If you choose "new" you will get the first "new" program regardless of the time of day. Repeats will be skipped as they are not new. However if the program in the guide is not dated the receiver protects you by considering it new. Hence the multiple recordings of O'Riley. (Today's 8pm ET edition is dated 8-19 but the replays are not accurately dated.

The best solution is to set a M-F or daily timer for the show at the time you want to record it. (Not a manual timer, but when setting up the timer select M-F or daily instead of new or all).

I'm not sure what the problem with Leverage is. I have that set to "New" and only get the first new airing that doesn't conflict with another timer.


----------



## sigma1914 (Sep 5, 2006)

First off...wrong forum. You're a Directv sub, now.
Second, you can set a manual reoccurring daily recording for Fox News @ 11pm-12am M-F.
Third, for Leverage & other shows set the default for Series Manager to record Only New.


----------



## James Long (Apr 17, 2003)

I missed the carrier ... moving to the appropriate forum ...


----------



## sigma1914 (Sep 5, 2006)

James Long said:


> I missed the carrier ... moving to the appropriate forum ...


You gave good directions, though.


----------



## joed32 (Jul 27, 2006)

Go to Menu and select Manage Recordings and at the next menu select Manual. After that it's just like setting up a VCR. You choose the day or days, in your case Mon-Fri, the you choose the channel and the start and stop times. You can set it for one time only or Recurring, you want recurring.


----------



## MysteryMan (May 17, 2010)

Hands Mr. Long some high octane coffee!


----------



## DogLover (Mar 19, 2007)

One quirk of the Directv DVRs is that they will record the episode that you use to set up the series link, even if it is a repeat. So, with each new series link that you set up, you may get 1 repeat, even if you select first run. If you are setting up series that haven't started a new season yet, this can be a bit annoying, but it will only be that first one, and can be easily deleted.


----------



## csuhy (Aug 19, 2010)

thanks but where do you find the "new" option? also my desire is to select my shows to "remember" so I don't have to heep checking on them. I am sorry I sound so dense but technology was easier "back when!!" I also do not see a choose mon-fri. also I see is each day.


----------



## csuhy (Aug 19, 2010)

well I finally found the m-f setting so after choosing everything I selected set manuel then ok. I checked my time slot but no "R" appeared and wonder why?


----------



## DogLover (Mar 19, 2007)

1. Find the show you want to record - use the Guide or Menu/Smart Search, which ever you prefer.
2. When you have found an episode of that show, press Info. Along the left hand side, you will see an option for record series. Select that.
3. Set the options that you want. Set Episode Type to "First Run"
4. Press Record Series button to save.

Also, under Menu/Manage recordings, there is an option "Record Defaults". That will control what options display when you first select "Record Series". You may want to set this up first, so that you have fewer changes as you set up each series.

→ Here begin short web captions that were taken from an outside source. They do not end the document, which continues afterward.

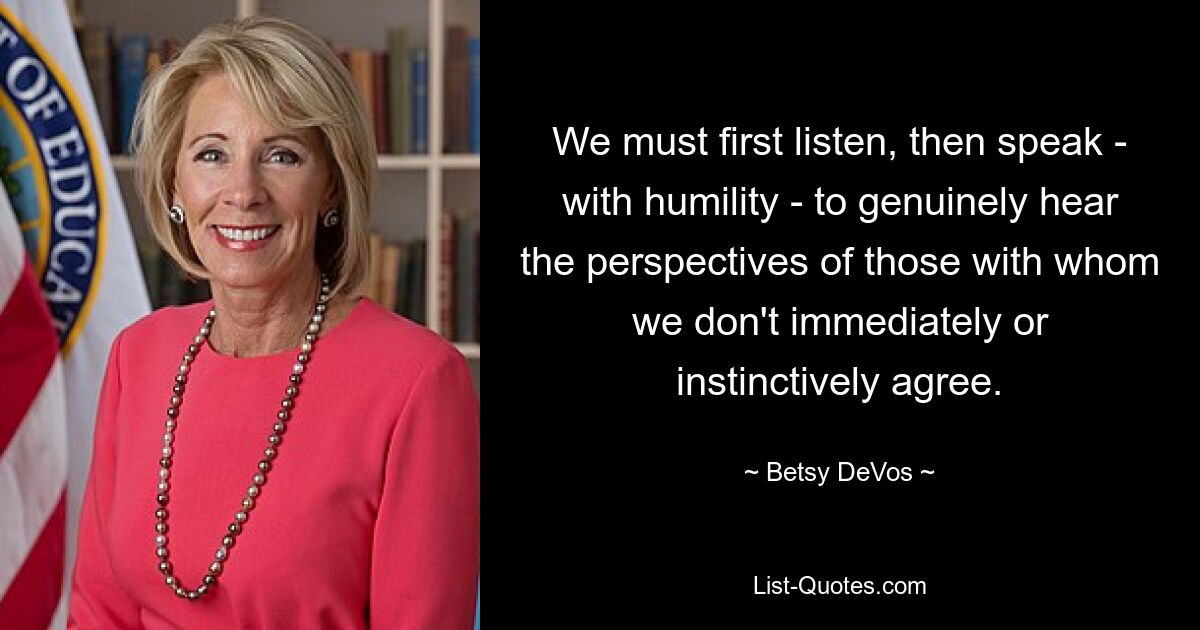 We must first listen, then speak - with humility - to genuinely hear the perspectives of those with whom we don't immediately or instinctively agree. — © Betsy DeVos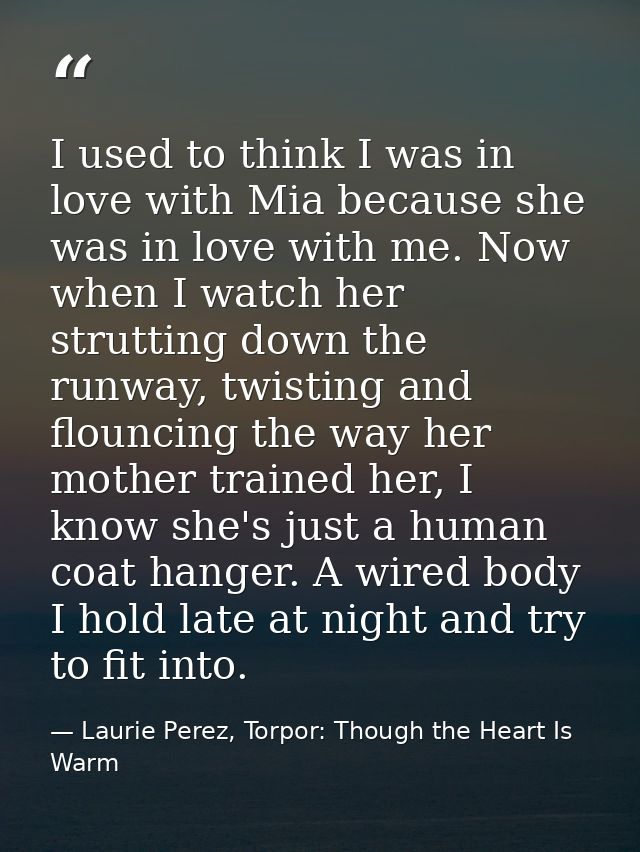 I used to think I was in love with Mia because she was in love with me. Now when I watch her strutting down the runway,  — Laurie Perez, Torpor: Though the Heart Is Warm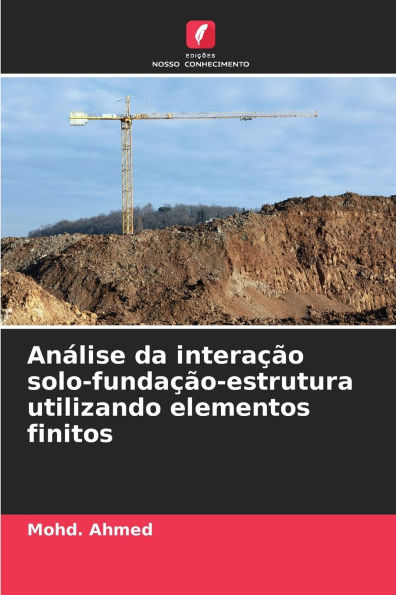 AnÃ¯Â¿Â½lise da interaÃ¯Â¿Â½Ã¯Â¿Â½o solo-fundaÃ¯Â¿Â½Ã¯Â¿Â½o-estrutura utilizando elementos finitos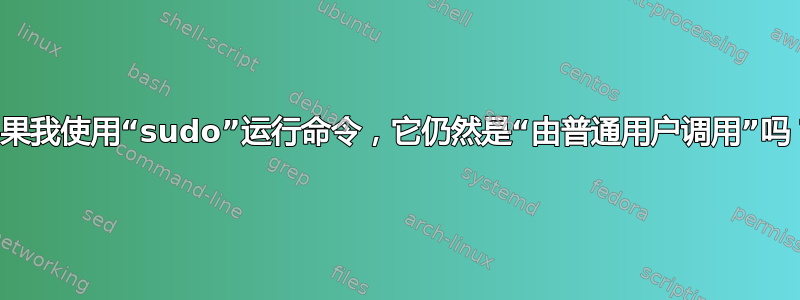 如果我使用“sudo”运行命令，它仍然是“由普通用户调用”吗？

Use the Series Manager under Menu/Manage Recordings to change options for each series that you have set up. You can also set priorities here, in case you have more than 2 series that want to record at the same time.

Use the Manual record under Menu/Manage Recordings to set up shows like O'Reilly that do not correctly identify individual episodes. You can then just set up to record that channel at a specified time each day.


----------



## bonscott87 (Jan 21, 2003)

Basically change the recording defaults to "First Run" only then from that point on in the guide you just hit the record button twice and you're done. As pointed out it will record that episode you set up the series link from, even if it is a rerun, but it will be the only rerun you'll get. Just a quirk.

For any series you've already setup do as above, modify the series record settings and change it to first run only and you're done.

Shows like O'Reilly with bad guide data you can do a manual repeating recording.

Any changes you make beyond the first 24 hours might take a couple hours to show up in the ToDo list as it processes things in the background.


----------



## csuhy (Aug 19, 2010)

I want to thank everyone for their help with my "recording just new episodes" problem. I have tried several things and found many tips and ideas from this group. Even though I have not completely figured my remote yet , I am starting to enjoy some of Direct T Vs features. It is hard for me to understand so much technology that comes easy to young people (I am 56) but is difficult for me. I grew up with 3 channels that I had to get up, go to the tv and actually turn the knob!! Gasp!! Anyway thanks, csuhy


----------



## bonscott87 (Jan 21, 2003)

LOL. Good luck.

But you're not that much older then me or many guys on this board. I remember 3 channels only and putting together a tin foil 10 foot long "antenna" amplifier to try and get Fox from 90 miles away when they first started. 

Heck, I built an HTPC and get all my TV thru the Internet and OTA antenna so age has nothing to do with it.


----------